Data collected for analysis in NodeXL, either through the importers or through your own code written with the API, is not necessarily complete or accurate. First, the YouTube data API is not 100% reliable when used by either your own code or the NodeXL importers. Because it accesses data over the web, requests may be lost or timed out. Thus, the same query may yield different results at different times. Second, even without errors, imported data may not reveal a complete network. Videos and user profiles may be marked private, preventing them from being accessed and included in the analysis. Third, users can choose to remove a video they uploaded at any time, and YouTube can remove a video when it violates the site’s terms of use or is flagged for review by other users. However, there is a delay between the time a video was removed from the site and the time it will stop appearing in search results. This can cause data previously accessed to be incorrect—a video may appear as a vertex in the network but will not actually remain a part of it in the current data on YouTube.

13.7 Preparing YouTube network data

Using the YouTube video network importer will result in collecting multiple edges for the same vertices (i.e., videos). As a result, it is possible for videos to be connected to each other more than once. When the data is imported, you will see the Relationship column on the Edges Worksheet will say Shared commenter, since that is the type of edge. This will create duplicate edges—one for each comment. Even multiple comments from the same user will create duplicate edges (with unique content, but the same videos in the Vertex1 and Vertex2 columns). This is so that the content of each comment can be viewed (see Video1 Comment and Video2 Comment columns). In such cases, you can Count and Merge Duplicate Edges feature (available in the Prepare Data drop-down in the NodeXL Ribbon) present a clearer picture of the relationships, allowing you to visually and statistically represent the data accurately. Clicking on the first two options will compare each edge and find the duplicates and then merge them into one connection. The connection will be weighted according to the number of duplicate relationships that were merged. A column containing the edge weight is added to the NodeXL Edges worksheet.

13.8 Analyzing YouTube networks

13.8.1 User networks

YouTube users (or “YouTubers”) are content providers, drawing other users, viewers, and participants to the videos they produce. However, YouTube users do not limit their activity on the site to video content production. The massive amounts of social interaction that occurs on YouTube strengthen the idea that the site is host to a complex and lively community of users and participants and is more than just a platform through which incidental viewers can watch videos [34].

YouTube user networks are important for several reasons. (1) Users are the essence of the YouTube community; the way they congregate and interact may reveal the flow of information in the YouTube network and highlight the importance of certain users to the community or to a specific sub-community of users. (2) Differences between users’ networks can demonstrate different participation patterns and aid in improving the interface to accommodate various audiences. (3) These networks can also be used by companies and organizations wishing to use the YouTube platform for advertising, lobbying, or disseminating information.

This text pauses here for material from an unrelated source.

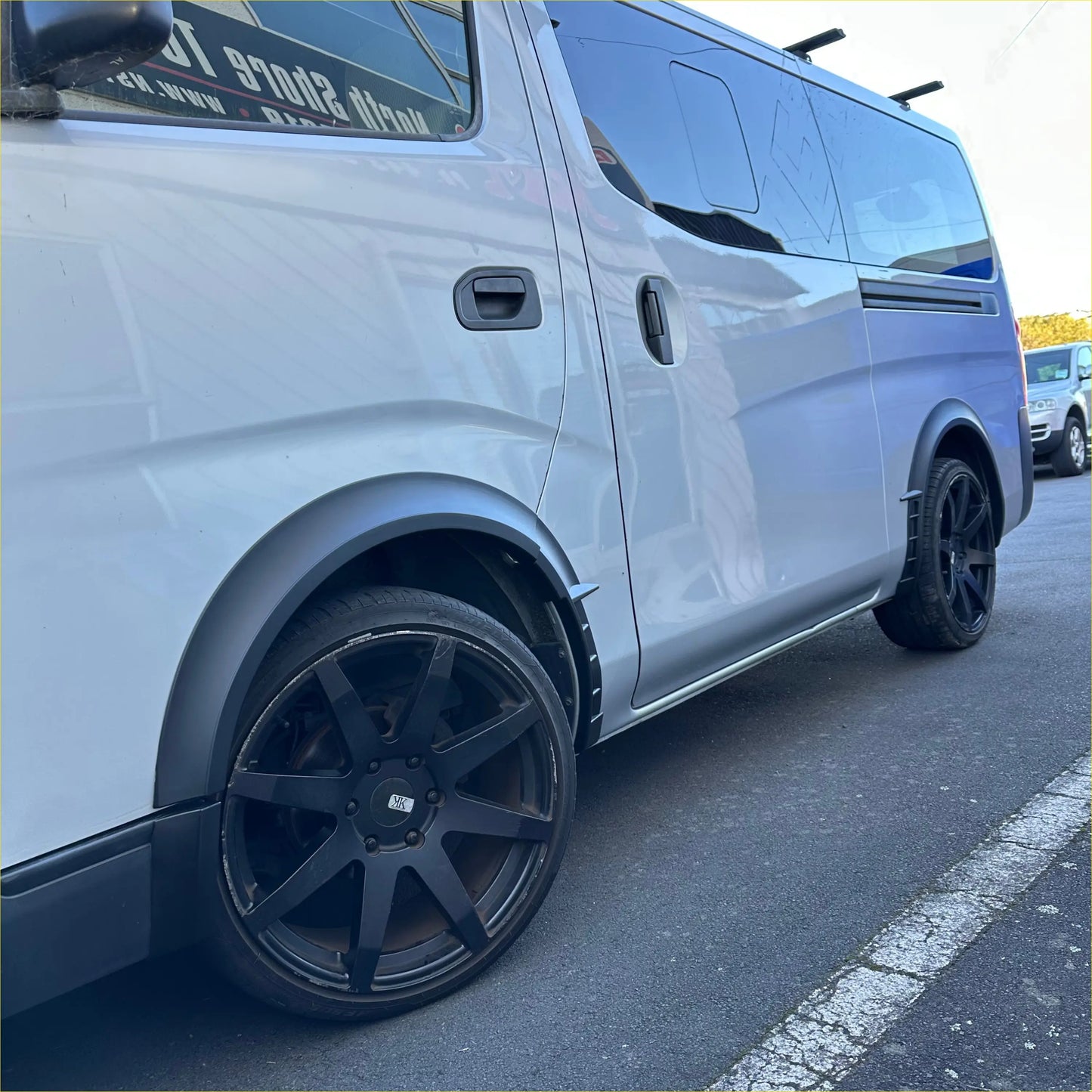 Silver nissan nv350 van with black alloy wheels and matte sport style fender flare for nv350 caravan 2012-current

Users’ egocentric networks tell an interesting story about the type of ties created among users who subscribe to both the central user being analyzed, and other users that subscribe to each other. The first network you will analyze in this chapter belongs to the popular YouTube video game content creators “Game Grumps” (see file link provided above). The “Game Grumps” are a small team of creators whose primary use for YouTube is to upload and share “Let’s Play” videos of themselves playing video games. To see the network, use the Import From User’s YouTube Network option in the NodeXL ribbon as shown in Figure 13.3. Selecting 1.5 levels will retrieve both users who have ties to the Game Grumps and the ties among themselves. This will allow you not only to analyze users’ relations with the person who is the middle of the egocentric network but also to find any hubs of relationships that exist among the other users.

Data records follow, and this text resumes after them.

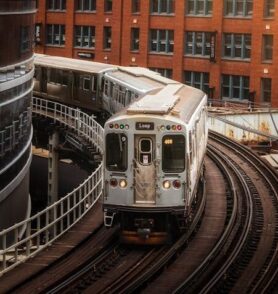 El train traveling on elevated tracks in an urban Chicago setting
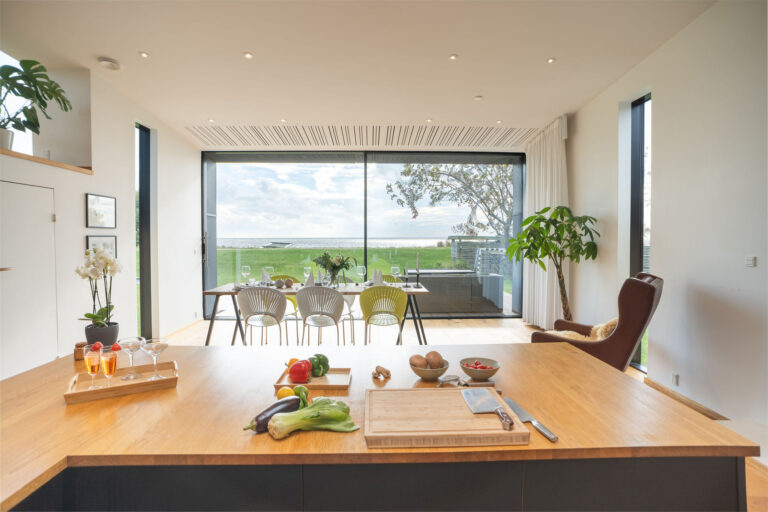 Moderne køkken og spiseplads, perfekt til Airbnb-ophold, med store glasdøre ud til en grøn græsplæne. Grøntsager og køkkenudstyr står på en træø, mens sollyset lyser op i dette rummelige, minimalistiske rum - ideelt for enhver fotograf, der søger inspiration.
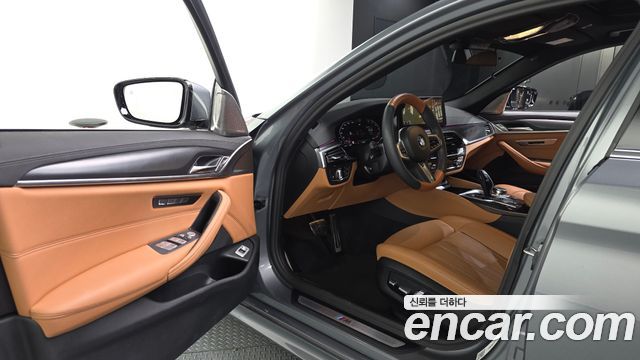 BMW 5-Series 2023 — photo 13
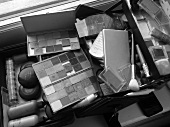 Close-up of various cosmetic palettes and brushes , black and white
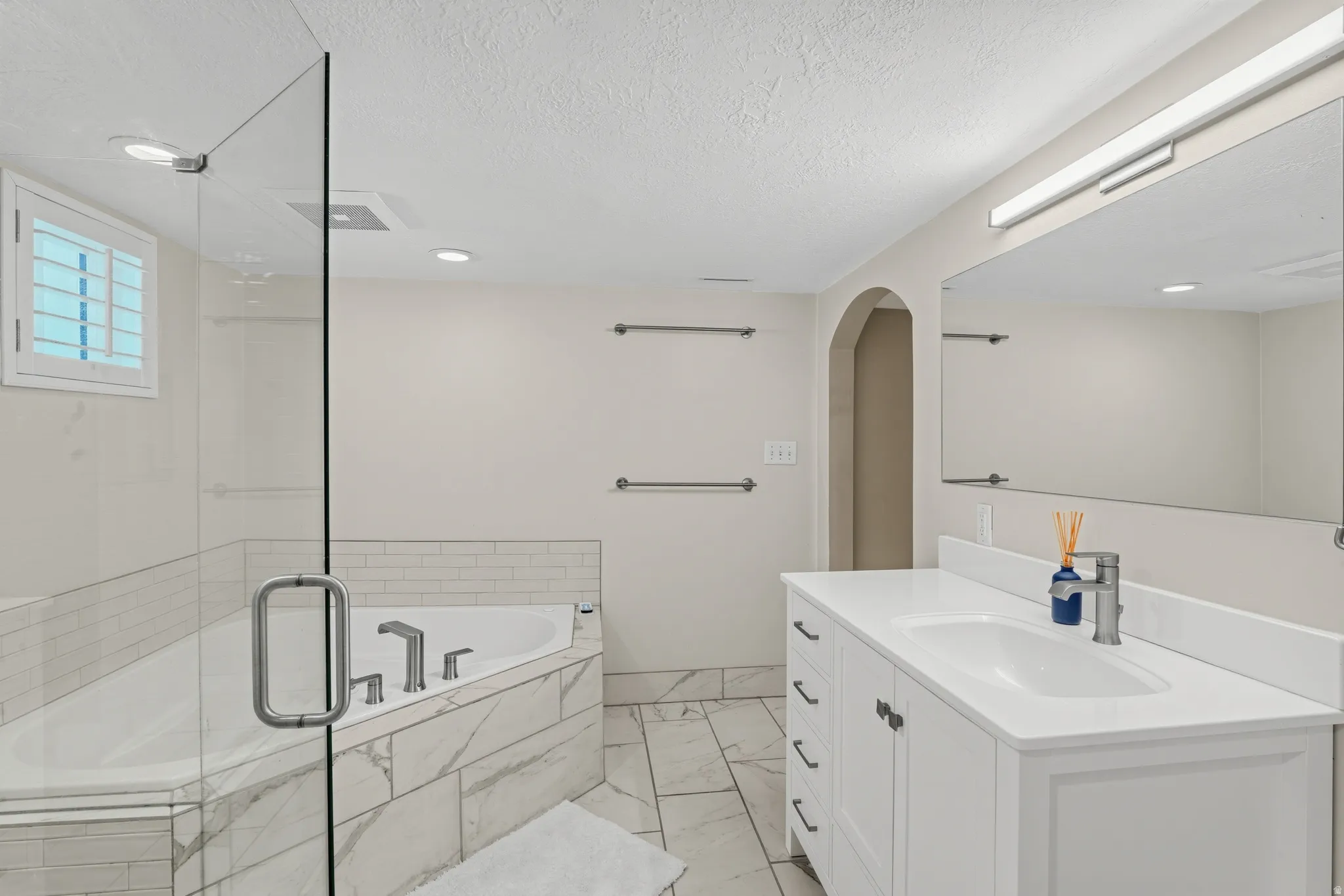 Spacious bathroom featuring a glass-enclosed shower, corner soaking tub, white vanity with integrated sink, and large wall-mounted mirror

In the Edges worksheet tab you can see each pair of vertices and a new column titled Relationship, which is added to the standard NodeXL Edges worksheet and filled according to the type of YouTube relationship that connects these vertices. A quick look at the relationship column (Figure 13.4) will reveal that there are only Subscribed To relationships between the vertices. Note that in the Vertex 1 and 2 columns you will find User IDs. The information about each user is located in the Vertices spreadsheet, as a user—a vertex—is the unit of analysis.

Figure 13.4
Figure 13.4 User’s network Edges spreadsheet showing User IDs and a Subscribed To relationship type.

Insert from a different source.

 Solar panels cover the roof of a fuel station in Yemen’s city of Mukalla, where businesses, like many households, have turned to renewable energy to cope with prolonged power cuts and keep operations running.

Select the Vertices spreadsheet to learn more about the users in the network. While the Vertex uses the unique YouTube ID of the user, you can find user information in the Title and Description columns. See Figure 13.5. You will return to these spreadsheets as we start calculating social networks metrics and visualize the graphs.

Figure 13.5
Figure 13.5 User's network the vertices spreadsheet showing the User ID, Title (i.e., username), and Description columns.

For now, you will create a visual display of the egocentric network that surrounds the Game Grumps. It is useful to calculate network graph metrics that will describe the shape of the graph and describe the location of each person or video within it. You can then move on to explore the characteristics of the graphic display of the network.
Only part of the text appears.